Kozlovski mentions how special investigator Kenneth Starr issued a court order that ordered the bookstore where Monica Lewinsky bought her books to report to him the names of the books she bought. "Then, there was a huge fuss. Now you don't need a special order - eBay does the work for the investigators."
 
Kozlovski feels that eBay's practice should be seen as part of a worrisome trend in the West to curtail protection of individual rights. In communist regimes, he says, the state would assign watchers to follow every citizen, who would pass incriminating information on to the authorities. Now the state doesn't have to do a thing. People come to it of their own free will. This is also the case for eBay, which exploits its stature in the market to have users accept contracts that strip them of their privacy. Perhaps the regime is different, but the outcome is most assuredly the same.
 
A million new items a day
 
eBay has no operations in Israel. But in the U.S., Europe and even the Far East, the name eBay is uttered in the same breath with names like Yahoo, Google and Amazon.
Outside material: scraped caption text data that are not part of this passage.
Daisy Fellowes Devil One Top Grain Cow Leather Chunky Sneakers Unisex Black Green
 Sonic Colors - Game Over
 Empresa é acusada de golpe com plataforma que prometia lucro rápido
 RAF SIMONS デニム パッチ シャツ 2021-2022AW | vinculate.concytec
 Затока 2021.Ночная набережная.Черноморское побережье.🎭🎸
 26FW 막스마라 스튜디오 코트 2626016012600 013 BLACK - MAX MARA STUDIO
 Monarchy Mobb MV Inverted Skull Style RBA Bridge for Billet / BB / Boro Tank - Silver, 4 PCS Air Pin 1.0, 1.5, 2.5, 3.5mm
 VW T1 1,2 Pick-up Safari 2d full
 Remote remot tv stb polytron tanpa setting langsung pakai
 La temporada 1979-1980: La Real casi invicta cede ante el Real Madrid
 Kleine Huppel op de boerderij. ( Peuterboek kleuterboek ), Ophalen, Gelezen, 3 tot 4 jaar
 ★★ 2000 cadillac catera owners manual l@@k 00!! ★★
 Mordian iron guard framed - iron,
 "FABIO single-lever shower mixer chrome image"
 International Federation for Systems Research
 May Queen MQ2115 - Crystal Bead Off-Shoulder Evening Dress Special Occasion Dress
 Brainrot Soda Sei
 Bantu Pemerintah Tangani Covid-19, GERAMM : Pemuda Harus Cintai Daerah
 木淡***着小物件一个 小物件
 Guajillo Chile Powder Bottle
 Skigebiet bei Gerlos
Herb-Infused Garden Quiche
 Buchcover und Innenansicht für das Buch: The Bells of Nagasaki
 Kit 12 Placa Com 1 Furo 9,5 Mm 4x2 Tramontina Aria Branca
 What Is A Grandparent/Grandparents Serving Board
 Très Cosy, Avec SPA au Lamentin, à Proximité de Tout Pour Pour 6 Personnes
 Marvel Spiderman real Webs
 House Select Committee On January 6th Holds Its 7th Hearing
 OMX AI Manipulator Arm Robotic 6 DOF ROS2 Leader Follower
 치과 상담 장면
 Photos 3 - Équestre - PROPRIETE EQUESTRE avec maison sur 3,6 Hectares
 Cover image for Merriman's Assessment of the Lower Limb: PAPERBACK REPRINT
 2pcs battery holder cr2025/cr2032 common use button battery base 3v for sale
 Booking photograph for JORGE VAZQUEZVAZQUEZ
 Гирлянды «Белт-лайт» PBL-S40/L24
The company created an electronic business arena where sellers offer their wares and buyers purchase them. eBay's trick is that both the sellers and the buyers are ordinary citizens. On eBay, you can find people selling used chewing gum (and there are buyers), torn soccer balls, 18th century forks, sunflower seeds and luxury cars (in 2002 alone, some 3,000 cars were sold on the site, at a total of $30 million.)
 
eBay is one of the few Internet companies that shows huge profits quarter after quarter. The company completed the fourth quarter of 2002 with revenues of $414 million and net profits of $87 million. The company had overall income in 2002 of $1.2 billion, and net profits of $250 million. It is traded on Nasdaq at a company value of $23.4 billion - three times that of Amazon, twice that of Yahoo and eight times that of the Israeli security behemoth, Checkpoint.
 
At any given moment, eBay is conducting some 12 million auctions, divided into about 18,000 different categories. About two million new items are offered for sale every day, and 62 million registered users scour the site to find them. These users have given eBay the monopoly on online auctions in America. Companies such as Yahoo and Amazon tried to get into the auction market, but were forced to give up. An estimated 150,000 people earn their livelihoods solely from buying and selling items by Internet. The company maintains local sites in Britain, Germany, Italy, South Korea, Ireland, Australia, Spain, Singapore and Sweden.
 
eBay is a monster that churns out money 24 hours a day, 365 days a year - for itself and for its millions of users.